> Exercise data:
═══
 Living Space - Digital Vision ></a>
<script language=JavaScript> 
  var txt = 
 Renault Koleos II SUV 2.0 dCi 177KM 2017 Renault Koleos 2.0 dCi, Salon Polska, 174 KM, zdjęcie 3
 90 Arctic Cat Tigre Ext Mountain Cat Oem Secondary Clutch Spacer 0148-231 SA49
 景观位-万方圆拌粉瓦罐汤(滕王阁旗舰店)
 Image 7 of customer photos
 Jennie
═══
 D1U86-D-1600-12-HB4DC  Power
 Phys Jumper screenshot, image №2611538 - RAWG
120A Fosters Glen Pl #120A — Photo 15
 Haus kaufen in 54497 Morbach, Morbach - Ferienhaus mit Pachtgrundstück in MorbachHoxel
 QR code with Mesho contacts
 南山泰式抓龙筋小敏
═══
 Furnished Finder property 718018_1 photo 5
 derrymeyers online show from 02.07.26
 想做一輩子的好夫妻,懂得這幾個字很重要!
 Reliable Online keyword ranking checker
═══
> Activity: Only one stretch of the entries above is wanted: the lines from the one containing "Living Space - Digital Vision ></a>" through the one containing "景观位-万方圆拌粉瓦罐汤(滕王阁旗舰店)". Please reproduce it exactly.

> Final answer:
 Living Space - Digital Vision ></a>
<script language=JavaScript> 
  var txt = 
 Renault Koleos II SUV 2.0 dCi 177KM 2017 Renault Koleos 2.0 dCi, Salon Polska, 174 KM, zdjęcie 3
 90 Arctic Cat Tigre Ext Mountain Cat Oem Secondary Clutch Spacer 0148-231 SA49
 景观位-万方圆拌粉瓦罐汤(滕王阁旗舰店)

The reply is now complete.